Since no two palms are exactly alike, customers can register both palms. A process of proprietary imaging and computer vision algorithms capture and encrypt the customer’s palm image, including tiny, distinct features on and below the surface, many that are indiscernible to the human eye or a standard camera. In seconds, a process of proprietary imaging and computer vision algorithms capture and encrypt a customer’s palm image. Amazon One uses the information embedded in a customer’s palm to create a unique palm signature that it can read each and every time the customer uses it.

A customer’s Amazon One ID is created when they sign up at an Amazon One device, and it contains their palm signatures, payment information, and contact information. To view Amazon One information online, including personal transaction history, customers can click the link in the welcome message they received when they first created their Amazon One ID and sign in with their Amazon account.

Amazon One is protected by multiple security controls and palm images are never stored on the device, but are encrypted and sent to a secure area Amazon custom-built in the cloud where it creates palm signatures.

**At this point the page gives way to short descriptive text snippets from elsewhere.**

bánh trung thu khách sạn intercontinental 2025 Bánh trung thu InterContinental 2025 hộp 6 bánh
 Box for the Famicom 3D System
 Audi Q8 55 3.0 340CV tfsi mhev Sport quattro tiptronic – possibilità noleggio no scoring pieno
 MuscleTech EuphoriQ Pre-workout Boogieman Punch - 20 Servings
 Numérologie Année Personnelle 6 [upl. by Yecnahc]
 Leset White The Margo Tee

Customers can request to delete data associated with Amazon One through the device itself or via the Amazon One online customer portal.

“Since launching Amazon One a few months ago, we’ve heard great feedback from customers who say how easy it is to enroll and how much they like having Amazon One as a contactless option that makes their shopping trips even faster and more convenient,” said Dilip Kumar, VP, physical retail & technology at Amazon. “We’re excited to bring Amazon One to more customers at more of our store locations in the Seattle area.”